Top of Data for this task

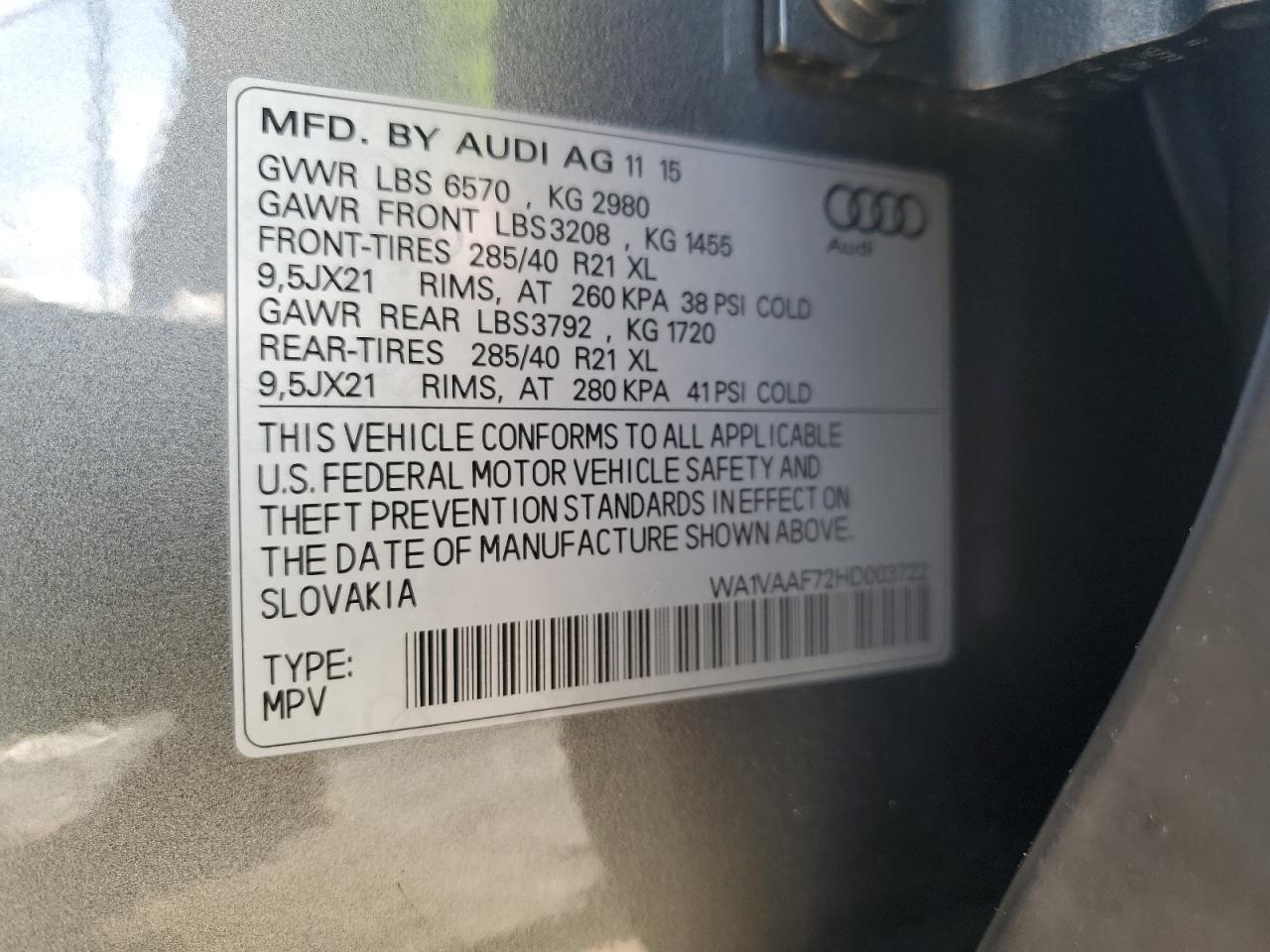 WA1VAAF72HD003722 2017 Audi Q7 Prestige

Bottom of Data for this task
Top of Data for this task

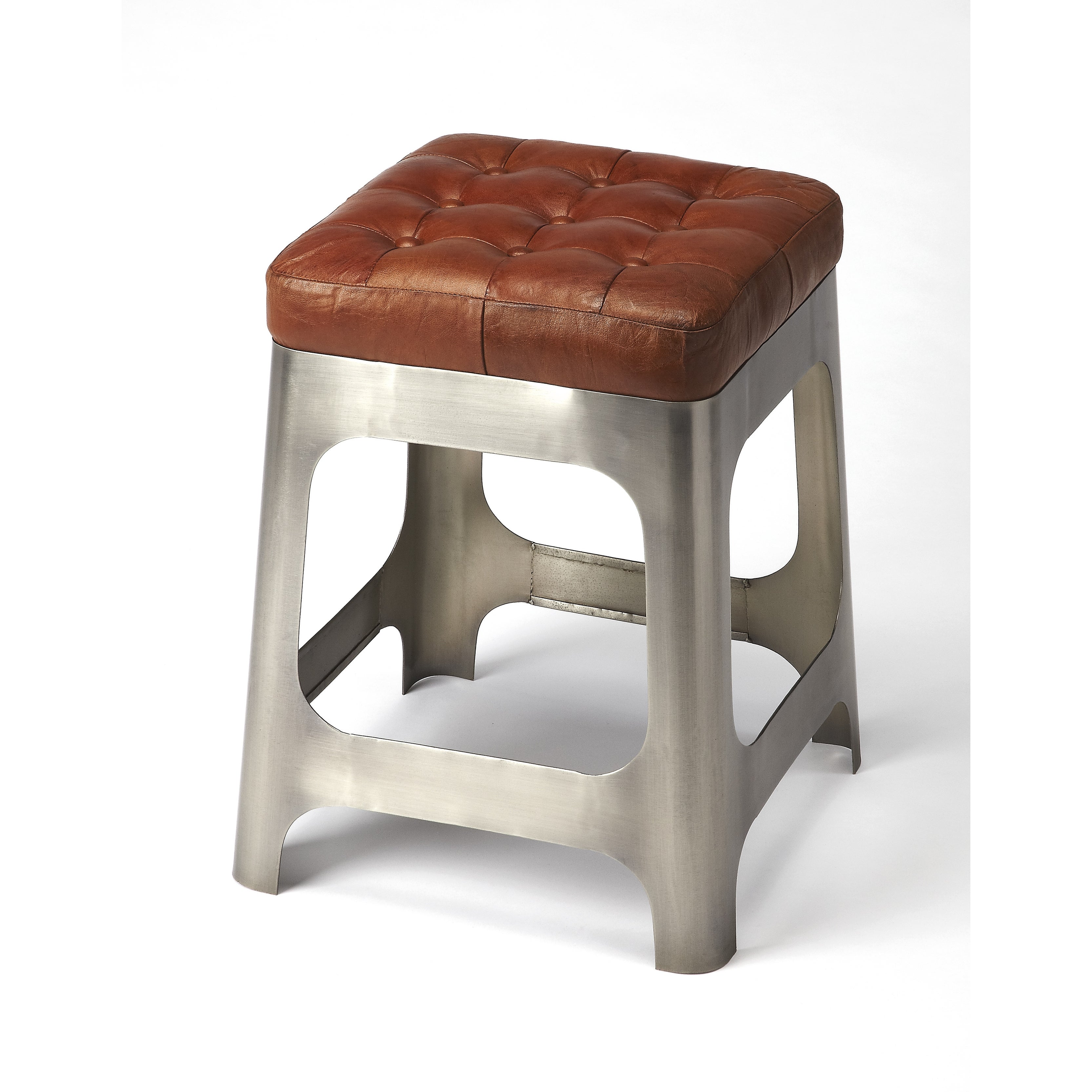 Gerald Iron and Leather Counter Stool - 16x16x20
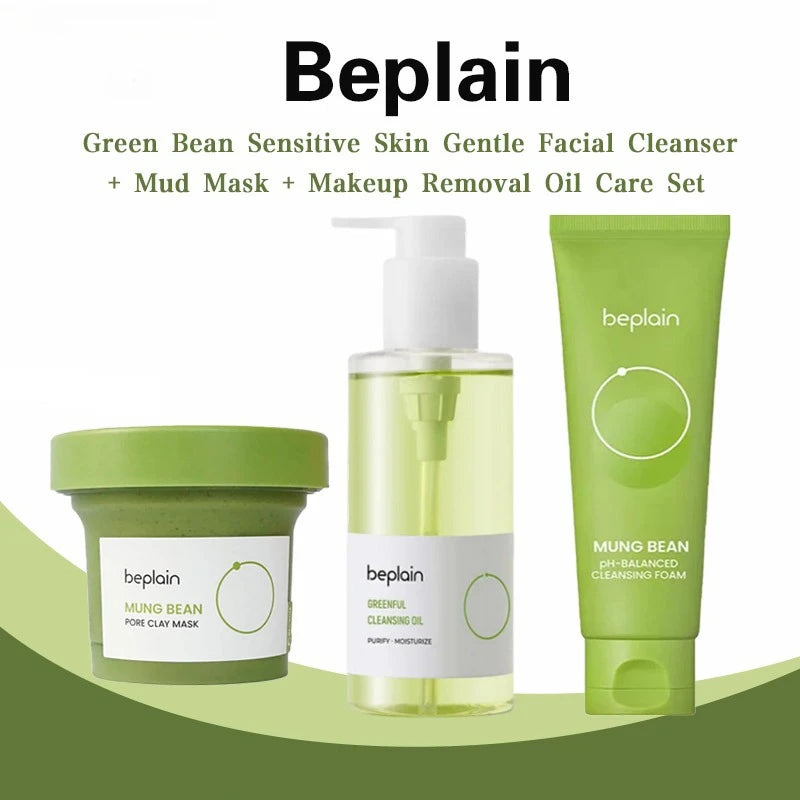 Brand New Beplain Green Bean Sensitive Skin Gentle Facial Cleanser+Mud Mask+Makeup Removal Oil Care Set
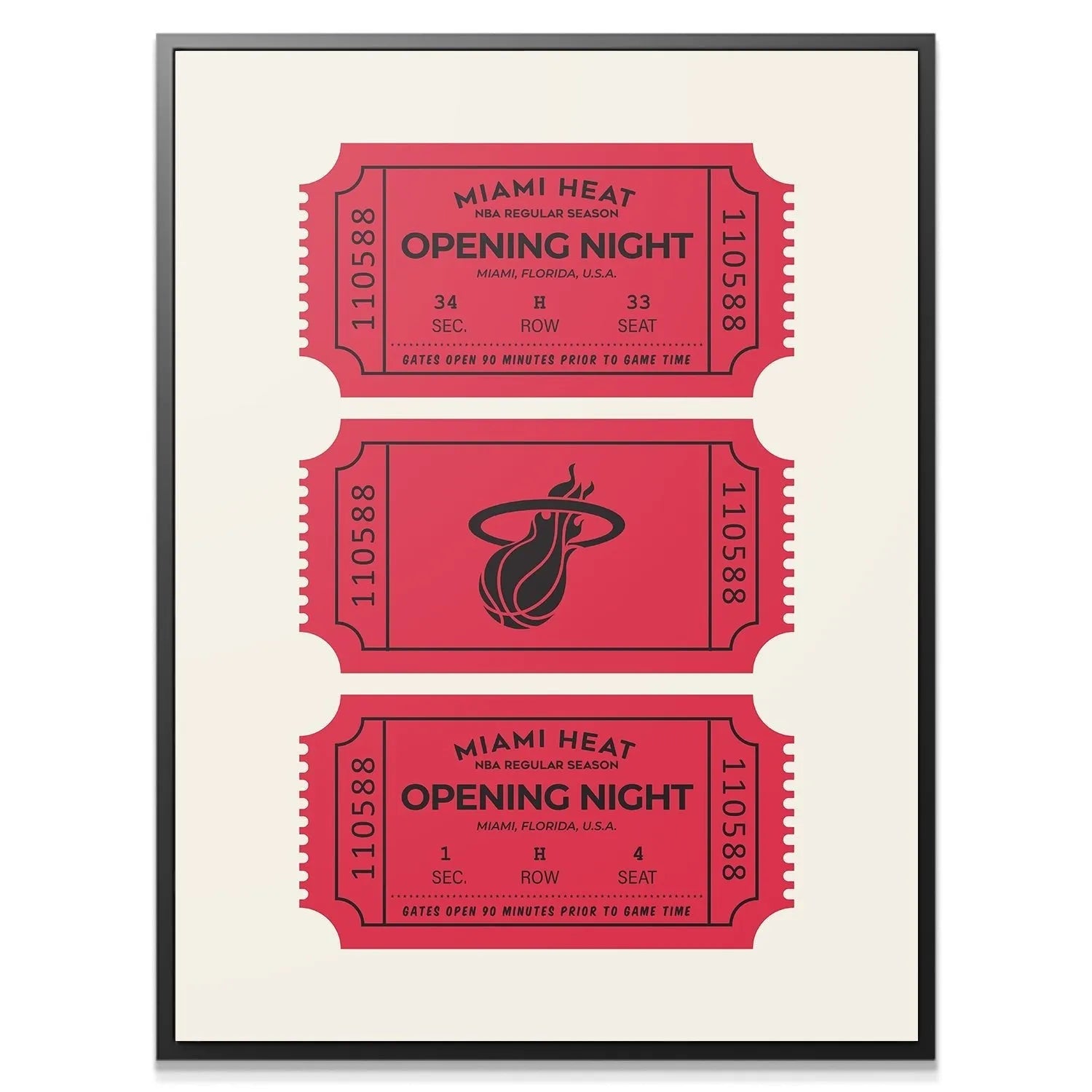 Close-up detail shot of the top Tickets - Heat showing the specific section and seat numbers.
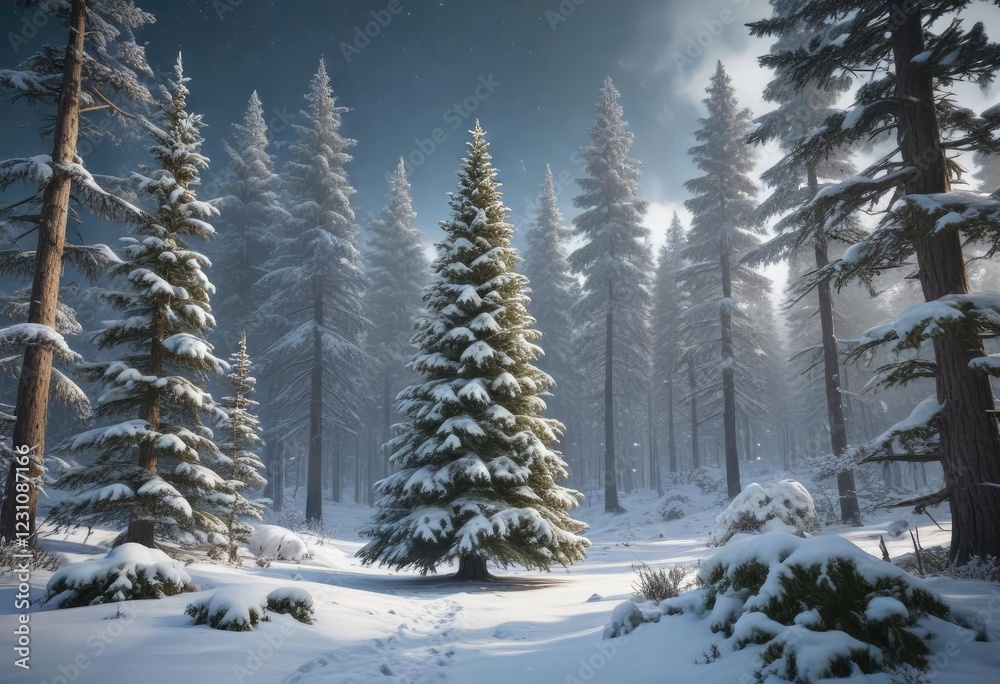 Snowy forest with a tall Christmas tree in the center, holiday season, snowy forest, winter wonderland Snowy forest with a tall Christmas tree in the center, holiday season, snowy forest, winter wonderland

Bottom of Data for this task
Top of Data for this task

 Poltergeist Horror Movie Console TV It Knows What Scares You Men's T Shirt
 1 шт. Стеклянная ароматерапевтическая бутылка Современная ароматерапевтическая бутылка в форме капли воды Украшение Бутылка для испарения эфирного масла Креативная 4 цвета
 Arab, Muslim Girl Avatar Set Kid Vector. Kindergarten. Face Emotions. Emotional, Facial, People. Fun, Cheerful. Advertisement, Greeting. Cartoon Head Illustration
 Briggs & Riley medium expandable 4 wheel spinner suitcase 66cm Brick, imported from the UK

Bottom of Data for this task

- What you need to do: Start with the line above that contains "Poltergeist Horror Movie" and stop after the line that contains "1 шт. Стеклянная". Output those lines exactly, and only those.

- Result for this exercise:
 Poltergeist Horror Movie Console TV It Knows What Scares You Men's T Shirt
 1 шт. Стеклянная ароматерапевтическая бутылка Современная ароматерапевтическая бутылка в форме капли воды Украшение Бутылка для испарения эфирного масла Креативная 4 цвета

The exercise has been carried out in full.